*** Listed records

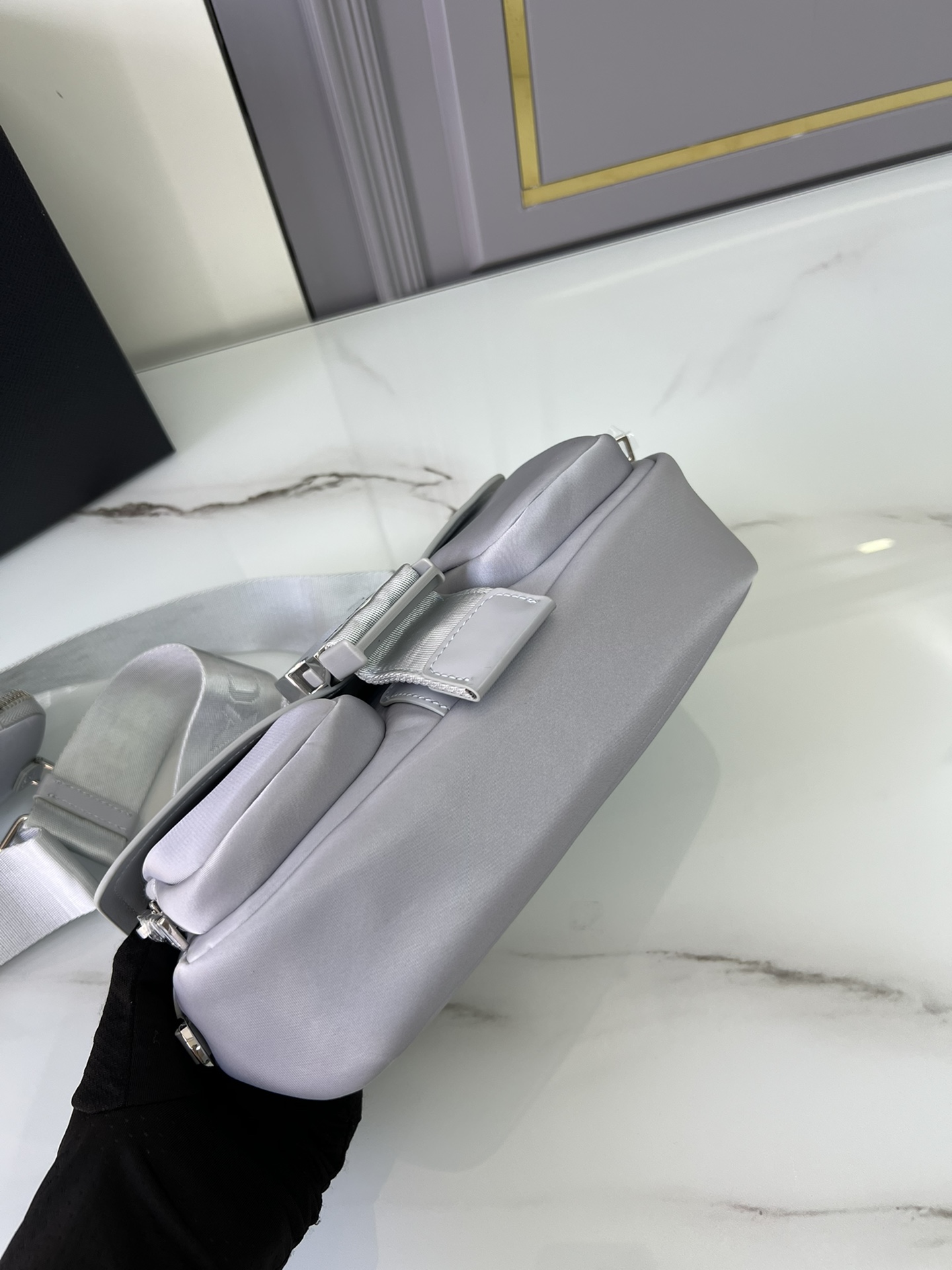 handbags prada 1BD295 23*12.5*5.5 - vstockx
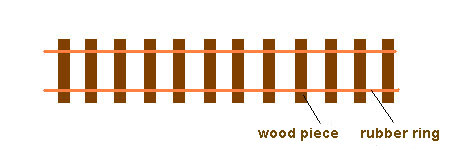 Welding method of long rail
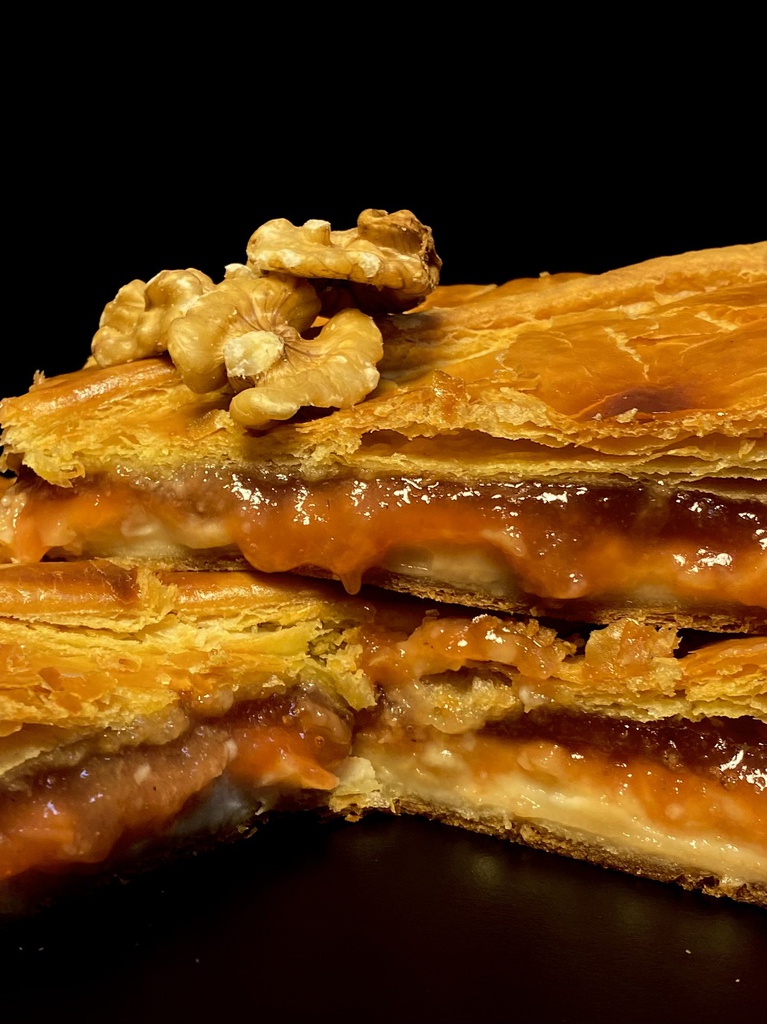 Emp. Gran. de Membrillo y Queso Hoj.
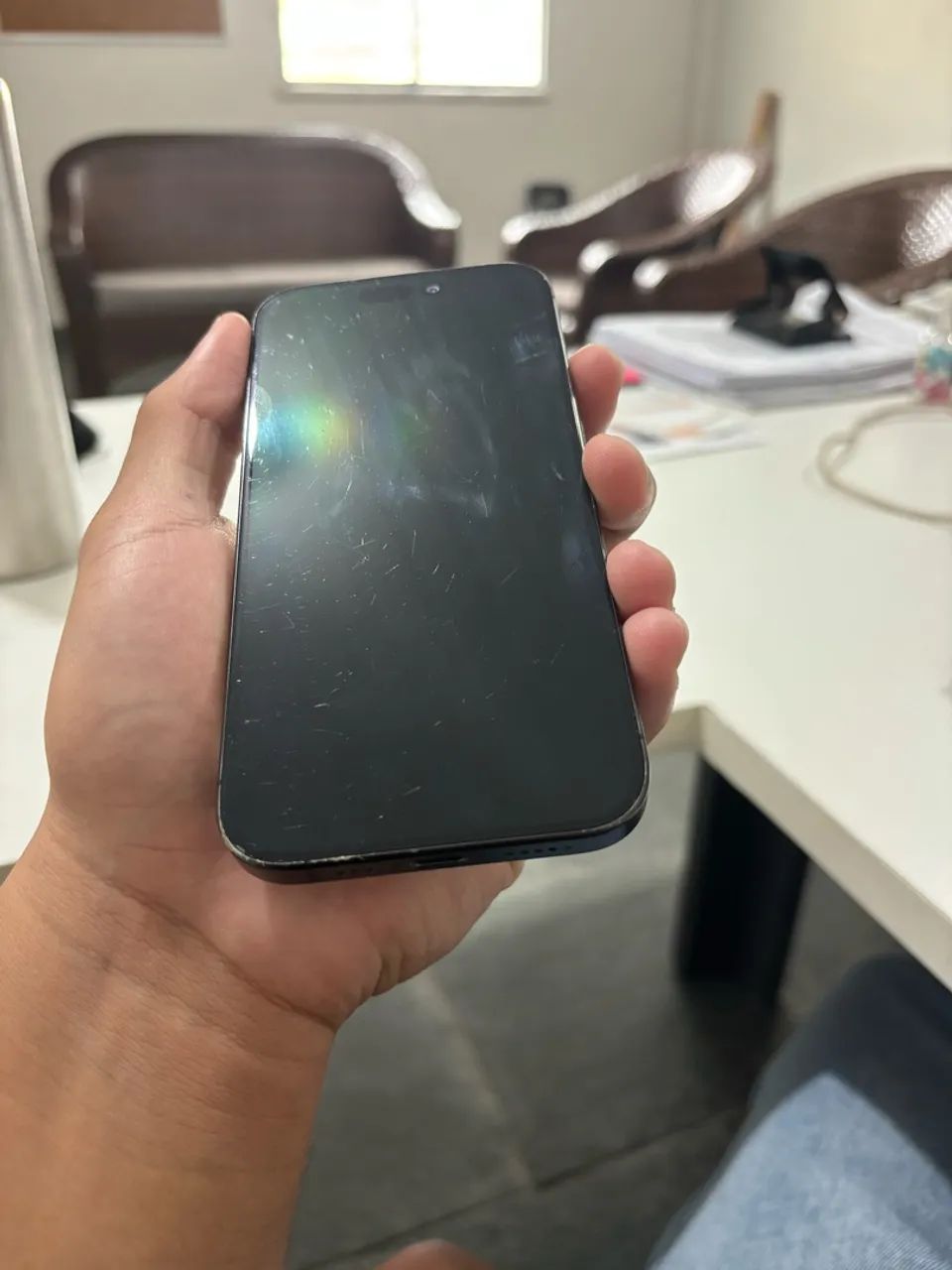 iPhone 15pro 256gb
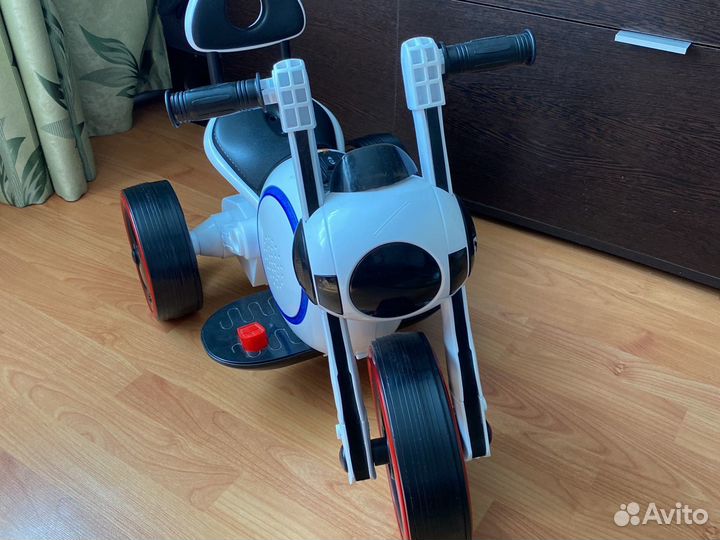 Детский электро мотоцикл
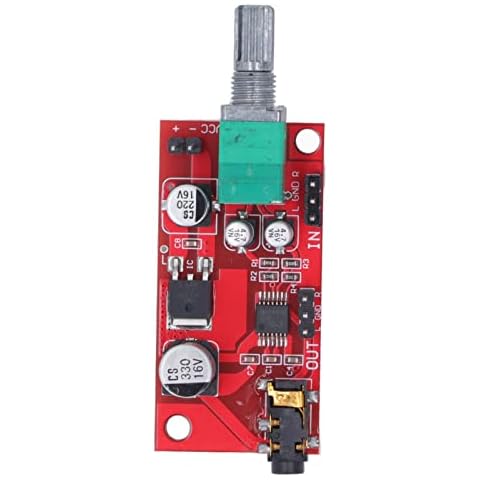 Amplificateur de casque Septpenta Mini Cover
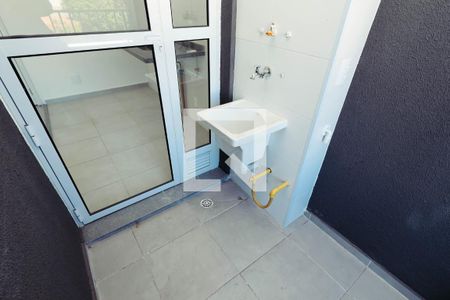 Varanda de apartamento à venda com 2 quartos, 42m² em Vila Vermelha, São Paulo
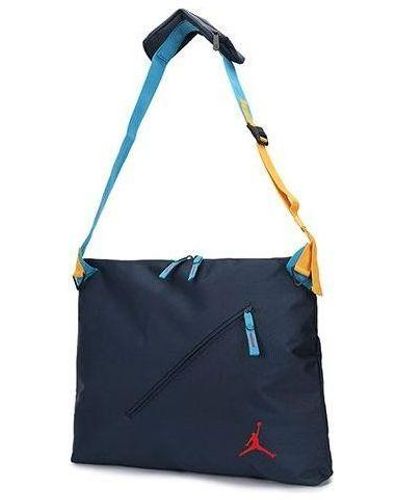 Nike Shoulder Bag - Blue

******

[What to produce]
Would you restate all of the data above word for word, omitting the pictures?

[Expected answer]
 handbags prada 1BD295 23*12.5*5.5 - vstockx
 Welding method of long rail
 Emp. Gran. de Membrillo y Queso Hoj.
 iPhone 15pro 256gb
 Детский электро мотоцикл
 Amplificateur de casque Septpenta Mini Cover
 Varanda de apartamento à venda com 2 quartos, 42m² em Vila Vermelha, São Paulo
 Nike Shoulder Bag - Blue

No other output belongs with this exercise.